* **How to complete this task**
Nothing but the lines from the one containing "Michael Kors Bucket" through the one containing "Thundering Vistadome Coach", both included, should be given again, each exactly as written below.

* **Given information**
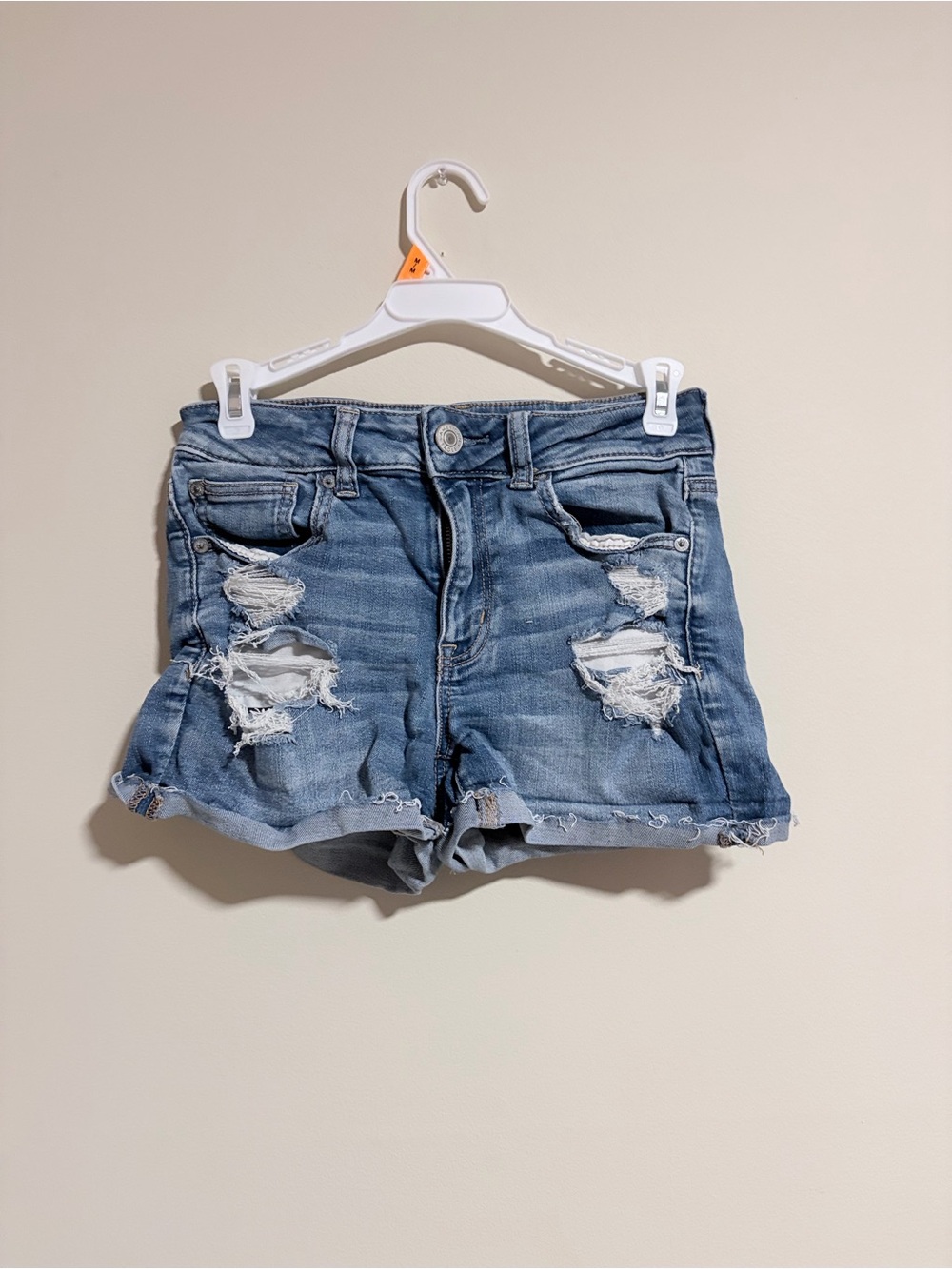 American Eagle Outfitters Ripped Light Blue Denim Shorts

* * *

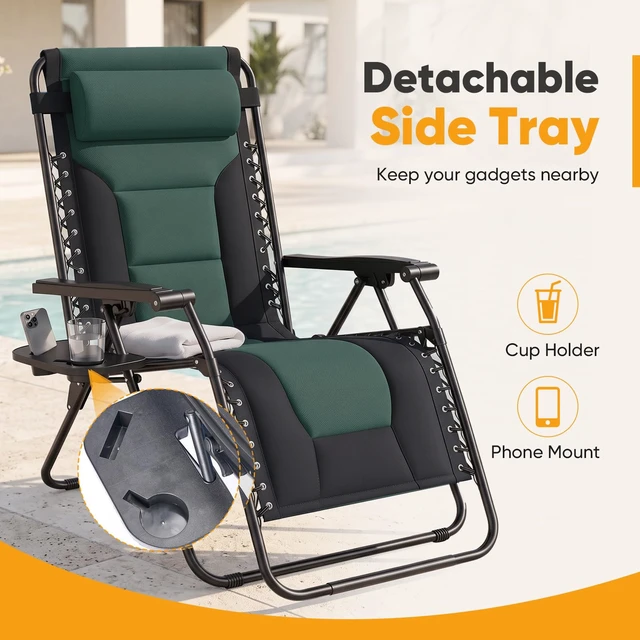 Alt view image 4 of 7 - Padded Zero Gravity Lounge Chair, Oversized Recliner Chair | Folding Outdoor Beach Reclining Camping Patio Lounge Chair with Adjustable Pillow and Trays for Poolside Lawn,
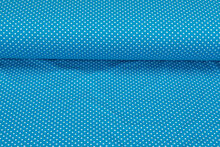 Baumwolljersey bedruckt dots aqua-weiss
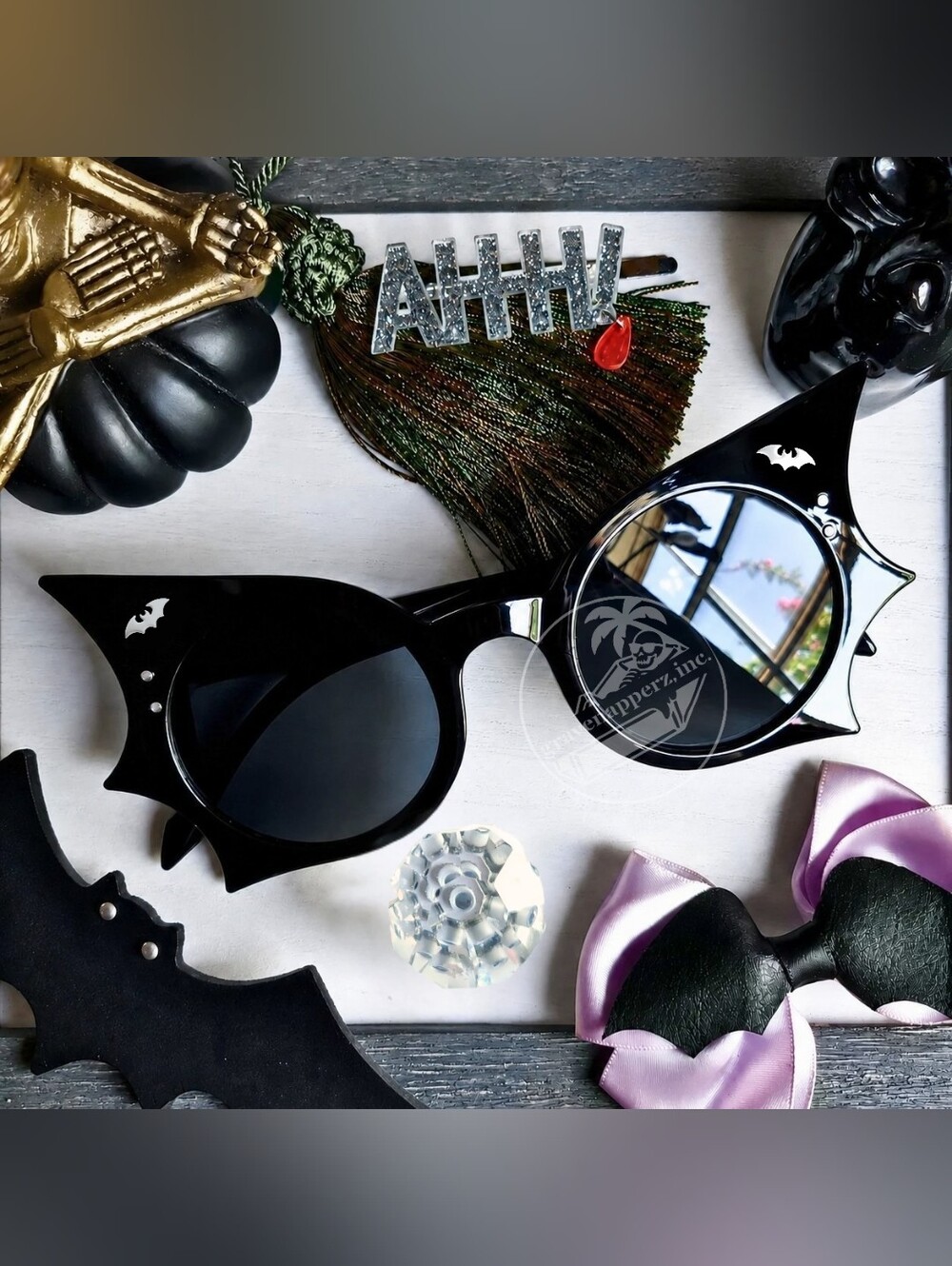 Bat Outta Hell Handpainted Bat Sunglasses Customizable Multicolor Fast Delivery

...

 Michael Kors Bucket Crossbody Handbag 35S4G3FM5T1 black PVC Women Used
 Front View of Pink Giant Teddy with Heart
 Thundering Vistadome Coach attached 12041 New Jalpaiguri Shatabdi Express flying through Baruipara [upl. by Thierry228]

* **Solved exercise**
 Michael Kors Bucket Crossbody Handbag 35S4G3FM5T1 black PVC Women Used
 Front View of Pink Giant Teddy with Heart
 Thundering Vistadome Coach attached 12041 New Jalpaiguri Shatabdi Express flying through Baruipara [upl. by Thierry228]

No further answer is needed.